#### Record extracts

= = =

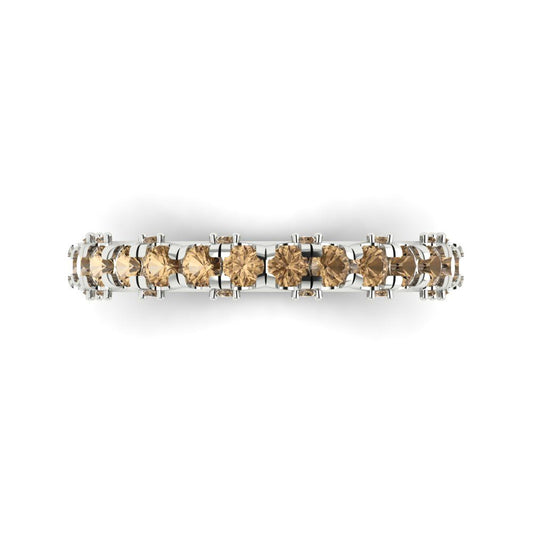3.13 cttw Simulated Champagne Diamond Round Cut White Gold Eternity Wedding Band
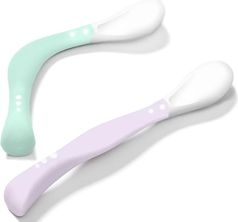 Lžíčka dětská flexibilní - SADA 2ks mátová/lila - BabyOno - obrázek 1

= = =

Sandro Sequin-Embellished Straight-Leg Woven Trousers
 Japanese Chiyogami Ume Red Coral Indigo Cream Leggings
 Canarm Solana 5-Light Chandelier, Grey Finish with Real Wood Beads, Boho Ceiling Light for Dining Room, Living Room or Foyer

= = =

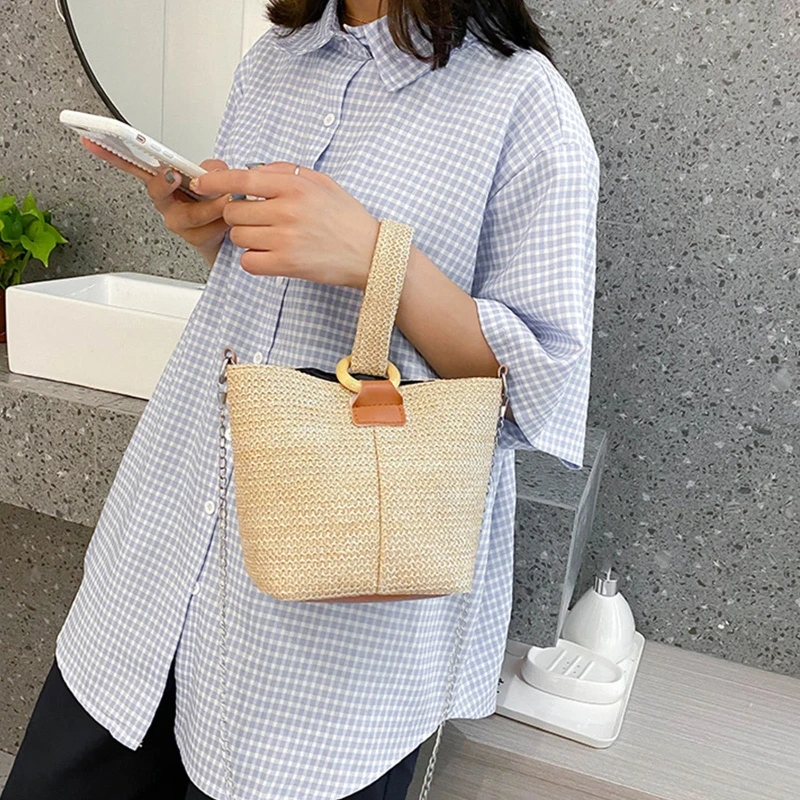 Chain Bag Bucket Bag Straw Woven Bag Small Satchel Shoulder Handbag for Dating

= = =

#### Task description
Going by the entries above, repeat exactly the lines that start at the line with "3.13 cttw Simulated" and go on through the line with "Lžíčka dětská flexibilní". Pictures are not part of the copy.

#### Task output
3.13 cttw Simulated Champagne Diamond Round Cut White Gold Eternity Wedding Band
 Lžíčka dětská flexibilní - SADA 2ks mátová/lila - BabyOno - obrázek 1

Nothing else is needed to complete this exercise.